The Ride That Will Change Your Life|
Thursday, August 05, 1999
Mexico's Copper Canyon cuts deep into the earth only 8 hours drive south of the U.S. Boarder. This network of over 200 "minor" canyons and 5 major cracks part the Sierra Madre Occidental so severly that most of the area was unexplored until the last 10 years, and some is still un-seen by the white man. To clear things up let me say that by "minor" canyon I mean between 2000 and 4000 ft. deep; yes that means that the 5 major canyons range from 4500 to 7000 ft. deep (3 of them are deeper and steeper than the Grand Canyon of Arizona).
I was 15 when I got a job guiding (on foot) at a hiking lodge on the rim of the canyon near the old logging town of Creel Chihuahua (elevation about 7500 ft.). Two years prior to my visit I had begun my new kick, mountain biking; so on my day off I went into town and found a shop that rented bikes and guides (owned by Arturo an ex-pro racer who speaks perfect English). I explained to him that I was still a beginner and that he should take it easy on me. To this he replied "oh no problem, you'll do fine, no problem. Come back tomorrow and we'll ride form here (the town of Creel) to your lodge (22km away by highway)."
22 Kilometers didn't sound too tough. The highway followed the continental devide so elevation change was minimal (for the area), so I accepted and knocked on his door the next morning before the burros woke up.
We packed our supplies; 2 water bottles a peice, a topo map, 2 extra tubes a peice, a tool pack, a pump, and of course... a bag of pinole. Pinole is no less than magic. It is technically nothing more than toasted corn that the natives of the area, the Raramuri Indians, grind up, but for some reason it issues more energy than any of the scientifically developed carbohydrate drinks, shakes and gels that we have up here (and faster to). As we rode a few yards out of town via the highway I asked Arturo how long the trail was to which he replied. "what trail?"
Arturo went on to explain that the reason why he wasnt charging me for our little excursion was because he planned to do a bit of exploring to develop a new trail on which to take tourists. Then to keep me happy he added "oh, about 30-40 kilometers, no problem, you'll be fine." We veered off the highway on an old logging road that wove through a grassy valley amidst Raramuri huts. When we came to the end of the relatively flat valley there was a small gate after which the small Arroyo that we had been following turned into a dried up waterfall (a.k.a... a cliff).

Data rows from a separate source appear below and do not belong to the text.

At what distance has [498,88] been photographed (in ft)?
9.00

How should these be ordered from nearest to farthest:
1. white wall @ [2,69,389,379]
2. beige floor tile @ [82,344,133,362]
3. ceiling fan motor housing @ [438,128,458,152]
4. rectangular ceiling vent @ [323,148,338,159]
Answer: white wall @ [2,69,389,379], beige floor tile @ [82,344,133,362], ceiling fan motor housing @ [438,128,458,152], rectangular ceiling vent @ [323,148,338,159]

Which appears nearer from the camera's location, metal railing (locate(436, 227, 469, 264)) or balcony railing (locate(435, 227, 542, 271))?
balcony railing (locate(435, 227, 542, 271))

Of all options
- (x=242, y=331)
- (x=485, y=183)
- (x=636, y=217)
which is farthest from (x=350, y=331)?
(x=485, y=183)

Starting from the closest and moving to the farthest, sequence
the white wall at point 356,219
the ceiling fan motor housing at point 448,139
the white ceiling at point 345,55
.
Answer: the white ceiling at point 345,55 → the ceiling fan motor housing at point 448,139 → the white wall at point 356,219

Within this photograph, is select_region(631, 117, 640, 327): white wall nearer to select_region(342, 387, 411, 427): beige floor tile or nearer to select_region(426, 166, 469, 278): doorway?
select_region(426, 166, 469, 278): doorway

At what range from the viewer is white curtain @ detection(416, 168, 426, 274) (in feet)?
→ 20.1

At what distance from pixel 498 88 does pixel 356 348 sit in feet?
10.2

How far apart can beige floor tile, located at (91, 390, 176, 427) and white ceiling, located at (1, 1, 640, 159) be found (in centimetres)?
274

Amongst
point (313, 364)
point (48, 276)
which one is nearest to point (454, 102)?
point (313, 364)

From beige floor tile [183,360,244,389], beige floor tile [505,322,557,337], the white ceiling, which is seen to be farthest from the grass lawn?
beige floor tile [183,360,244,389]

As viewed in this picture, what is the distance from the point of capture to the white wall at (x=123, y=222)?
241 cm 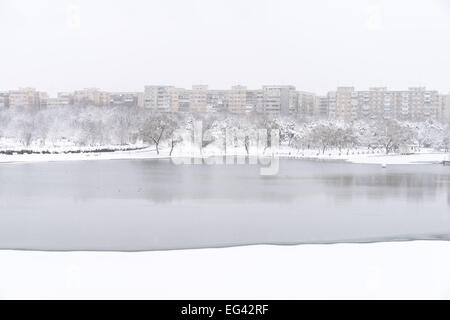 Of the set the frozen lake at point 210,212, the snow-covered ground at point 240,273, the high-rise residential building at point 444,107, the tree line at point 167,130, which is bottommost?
the frozen lake at point 210,212

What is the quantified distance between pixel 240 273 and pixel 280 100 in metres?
74.4

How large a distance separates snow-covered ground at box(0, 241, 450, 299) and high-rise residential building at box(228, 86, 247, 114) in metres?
71.7

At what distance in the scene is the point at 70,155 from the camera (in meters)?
34.9

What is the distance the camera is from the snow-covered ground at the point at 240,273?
475 centimetres

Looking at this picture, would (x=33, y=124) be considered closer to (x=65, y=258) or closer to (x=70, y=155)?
(x=70, y=155)

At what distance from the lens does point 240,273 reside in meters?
5.54

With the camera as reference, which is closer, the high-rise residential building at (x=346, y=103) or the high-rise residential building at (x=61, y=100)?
the high-rise residential building at (x=61, y=100)

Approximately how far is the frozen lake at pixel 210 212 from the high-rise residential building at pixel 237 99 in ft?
199

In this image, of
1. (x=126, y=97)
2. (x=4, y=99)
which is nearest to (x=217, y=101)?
(x=126, y=97)

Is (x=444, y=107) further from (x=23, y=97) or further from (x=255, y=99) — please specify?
(x=23, y=97)

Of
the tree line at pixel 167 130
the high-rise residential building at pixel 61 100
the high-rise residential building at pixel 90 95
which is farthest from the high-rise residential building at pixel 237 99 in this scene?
the high-rise residential building at pixel 61 100

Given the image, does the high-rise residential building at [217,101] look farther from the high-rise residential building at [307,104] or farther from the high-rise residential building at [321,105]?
the high-rise residential building at [321,105] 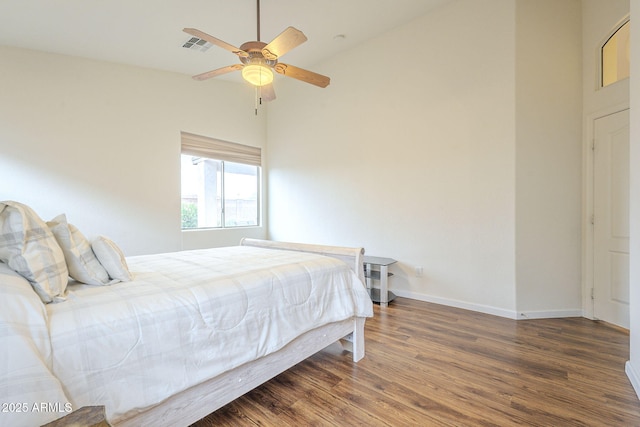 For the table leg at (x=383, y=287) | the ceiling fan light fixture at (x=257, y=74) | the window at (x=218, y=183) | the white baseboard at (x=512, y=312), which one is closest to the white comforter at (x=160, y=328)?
the ceiling fan light fixture at (x=257, y=74)

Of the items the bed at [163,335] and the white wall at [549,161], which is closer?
the bed at [163,335]

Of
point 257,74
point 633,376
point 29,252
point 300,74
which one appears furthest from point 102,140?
point 633,376

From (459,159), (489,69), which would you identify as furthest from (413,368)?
(489,69)

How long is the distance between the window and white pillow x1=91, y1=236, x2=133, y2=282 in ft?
9.60

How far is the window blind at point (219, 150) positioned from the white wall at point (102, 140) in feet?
0.38

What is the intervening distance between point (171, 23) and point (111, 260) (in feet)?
8.82

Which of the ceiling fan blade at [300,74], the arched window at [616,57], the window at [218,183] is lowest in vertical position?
the window at [218,183]

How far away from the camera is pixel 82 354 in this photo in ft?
3.34

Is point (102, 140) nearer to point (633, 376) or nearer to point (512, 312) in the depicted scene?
point (512, 312)

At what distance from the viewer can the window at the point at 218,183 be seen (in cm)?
441

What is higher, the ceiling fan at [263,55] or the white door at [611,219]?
the ceiling fan at [263,55]

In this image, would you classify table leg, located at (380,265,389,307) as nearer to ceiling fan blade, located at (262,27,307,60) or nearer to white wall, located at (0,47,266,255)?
ceiling fan blade, located at (262,27,307,60)

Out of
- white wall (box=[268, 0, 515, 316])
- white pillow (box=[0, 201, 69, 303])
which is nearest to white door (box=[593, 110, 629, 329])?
white wall (box=[268, 0, 515, 316])

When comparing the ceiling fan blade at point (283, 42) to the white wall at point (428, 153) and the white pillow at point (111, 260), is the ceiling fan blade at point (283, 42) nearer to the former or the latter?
the white pillow at point (111, 260) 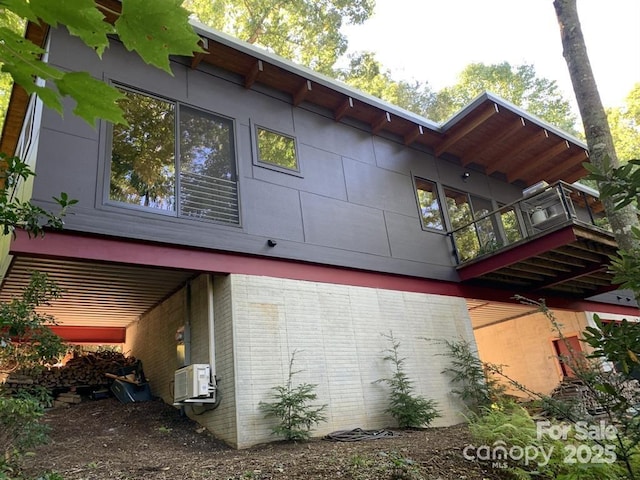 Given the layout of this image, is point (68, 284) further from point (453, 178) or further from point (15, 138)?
point (453, 178)

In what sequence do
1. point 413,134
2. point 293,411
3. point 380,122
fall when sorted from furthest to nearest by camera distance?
1. point 413,134
2. point 380,122
3. point 293,411

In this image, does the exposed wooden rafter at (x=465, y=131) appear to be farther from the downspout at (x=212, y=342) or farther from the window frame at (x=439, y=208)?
the downspout at (x=212, y=342)

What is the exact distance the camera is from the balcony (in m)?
8.16

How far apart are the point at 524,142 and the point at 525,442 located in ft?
27.5

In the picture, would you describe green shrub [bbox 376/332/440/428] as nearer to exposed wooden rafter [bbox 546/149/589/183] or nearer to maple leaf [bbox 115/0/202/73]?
maple leaf [bbox 115/0/202/73]

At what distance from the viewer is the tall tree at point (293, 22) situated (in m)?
18.3

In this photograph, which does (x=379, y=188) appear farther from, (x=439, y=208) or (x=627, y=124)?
(x=627, y=124)

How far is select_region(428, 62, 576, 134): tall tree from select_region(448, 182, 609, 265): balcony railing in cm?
1432

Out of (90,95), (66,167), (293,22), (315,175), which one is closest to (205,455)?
(66,167)

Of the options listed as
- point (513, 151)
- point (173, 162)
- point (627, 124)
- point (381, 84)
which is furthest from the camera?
point (627, 124)

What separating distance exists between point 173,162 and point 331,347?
3657mm

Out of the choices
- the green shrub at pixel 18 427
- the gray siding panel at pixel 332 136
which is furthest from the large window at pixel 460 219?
the green shrub at pixel 18 427

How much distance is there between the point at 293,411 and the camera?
6.08 meters

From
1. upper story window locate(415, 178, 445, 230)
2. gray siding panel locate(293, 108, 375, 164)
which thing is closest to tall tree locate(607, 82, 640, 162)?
upper story window locate(415, 178, 445, 230) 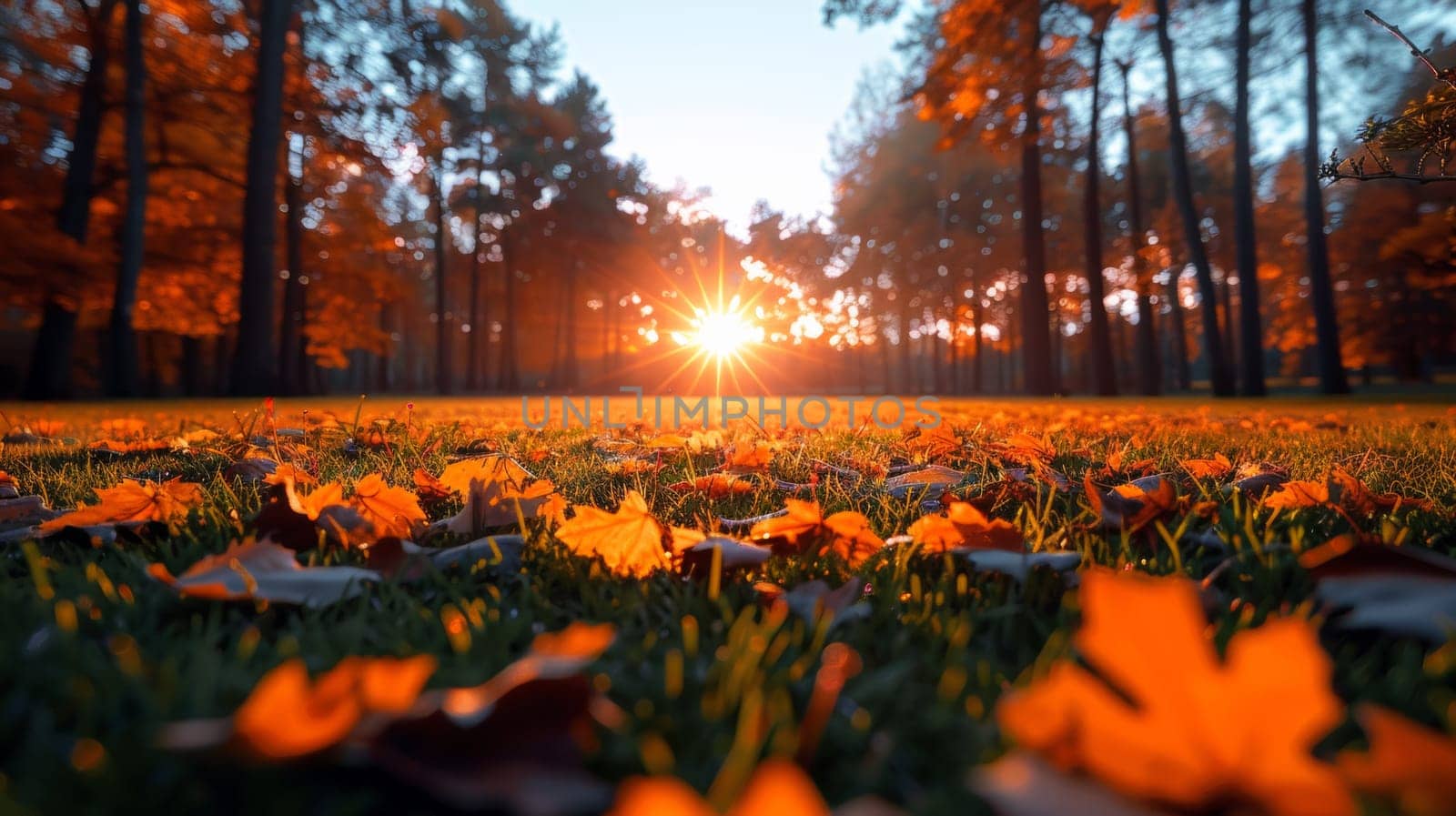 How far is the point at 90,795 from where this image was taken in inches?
19.5

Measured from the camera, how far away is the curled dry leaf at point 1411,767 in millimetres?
405

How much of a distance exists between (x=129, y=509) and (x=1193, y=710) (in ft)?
5.39

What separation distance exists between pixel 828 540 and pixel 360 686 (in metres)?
0.87

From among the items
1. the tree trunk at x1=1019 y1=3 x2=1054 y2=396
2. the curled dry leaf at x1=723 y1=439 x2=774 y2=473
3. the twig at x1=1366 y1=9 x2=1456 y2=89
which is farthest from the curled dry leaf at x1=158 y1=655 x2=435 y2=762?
the tree trunk at x1=1019 y1=3 x2=1054 y2=396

We cut a tad to the left and proceeded to climb up what was now a goat trail through a pine strewn crevice between the 2 gigantic boulders that once made the waterfall. Out onto the mesa it was smooth sailing, a slight downward gradient kept us moving at highspeeds through te pine forrest that over looked the canyon that we were fast approaching. This is where Arturo's "30-40 kilometers" made me worry; because as we came to the rim of the Rechowata canyon, I realized that 30 kilometers in this country also meant at least 4 kilometers of elevation change... no matter what route you chose.
We followed the Indian trail down into the first of the 3 "minor" canyons that we would cross that day. 4 ft. rock ledges, in the middle of the trail, made me extatic that I was going down, instead of portageing up. I was also relieved to see that once we were across the river there was an old logging "road" up the other side. Calling it a "road" is a great misnomer; though at one time I may have considered it a wagon trail, throw 30 years of neglect on a passage that would have never been classified as "road" in the first place, and we were still looking at a very difficult climb (about 2000 ft of it.).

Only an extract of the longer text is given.